This woman has reduced her hours of work at the support centre. I made it clear to the Taoiseach that this woman gets up early in the morning to go to work but she had to reduce her hours from 39 to 28 per week to get on a housing list. Workers are finding themselves in dire circumstances and must act to get themselves on a housing list. These people now have no hope of getting private rented accommodation because their income is so low and they are at the end of a housing list. She told me she was No. 384 on the list.

That is one situation.

Another situation in Crumlin involves a block of apartments bought by a vulture fund that then issued an eviction notice to all the tenants because major renovations were to take place that would take three to four months. They were down in the office last week and we saw that one of the termination notices was worded wrongly so we will take it to the RTB. As the previous speaker noted, this is just buying time so that these tenants can possibly get other private accommodation, which is very hard to do. It will be practically impossible for those families to get somewhere, but at least we will try to buy them a bit of time and see what happens. If push comes to shove, those families have to decide whether to accept being evicted or stay in these apartments because they have nowhere else to go.

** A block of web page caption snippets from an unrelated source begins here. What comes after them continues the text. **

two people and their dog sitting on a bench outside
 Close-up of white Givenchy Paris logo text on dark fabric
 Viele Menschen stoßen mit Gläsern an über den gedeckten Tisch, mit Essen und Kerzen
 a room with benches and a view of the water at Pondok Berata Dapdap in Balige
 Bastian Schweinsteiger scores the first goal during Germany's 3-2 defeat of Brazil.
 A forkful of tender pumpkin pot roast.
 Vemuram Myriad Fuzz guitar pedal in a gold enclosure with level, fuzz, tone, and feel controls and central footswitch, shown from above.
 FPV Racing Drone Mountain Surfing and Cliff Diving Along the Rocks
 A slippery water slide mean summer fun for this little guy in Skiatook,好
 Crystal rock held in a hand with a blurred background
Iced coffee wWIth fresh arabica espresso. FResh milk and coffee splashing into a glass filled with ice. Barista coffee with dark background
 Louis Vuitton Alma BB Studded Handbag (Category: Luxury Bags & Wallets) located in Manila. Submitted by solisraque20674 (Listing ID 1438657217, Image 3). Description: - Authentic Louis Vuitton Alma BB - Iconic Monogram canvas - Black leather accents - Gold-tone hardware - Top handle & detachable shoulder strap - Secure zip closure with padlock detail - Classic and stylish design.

A young woman came to my office this morning having been made homeless yesterday and put into bed and breakfast accommodation last night. She had to leave that bed and breakfast at 9 this morning with three children, one of whom is only three weeks old. She was wandering the streets and ended up in our office wondering what to do. Imagine putting a family with three children, one of whom is a three week old baby, out into the cold today. One would not put a dog out into it but she was out wandering the streets trying to find accommodation. When we speak about things like this, we must talk about what is happening to many people on the ground and take it out of the bubble here in the Dáil. This is happening all over the country. It is not just happening in my constituency. We eventually got that woman more permanent accommodation in a hotel in Parnell Street in Dublin at 4 p.m., so at least temporarily she will not have to leave early in the morning with her three children, roam the streets for a day and go back to a bed and breakfast at 9 p.m.

That is the reality of the housing crisis and it is an outrage. This did not just happen today or yesterday. It was happening when people like Deputies Boyd Barrett and Durkan and I raised the crisis that was unfolding in front of our eyes in 2012, so there has been plenty of time to try to address the issues. Yet again, we have a Government that is content to tinker around the edges of this crisis when what is needed is urgent emergency and radical action. This Bill comes nowhere near that. It is typical of the Government's approach, too little, too late. It is playing catch up. The Government changes something, we then see the complexities and loopholes and we have to come back with more legislation. It is a case of too little, too late, and we cannot upset the landlords and developers. This Bill will not lead to fair rents or security of tenure in rented accommodation.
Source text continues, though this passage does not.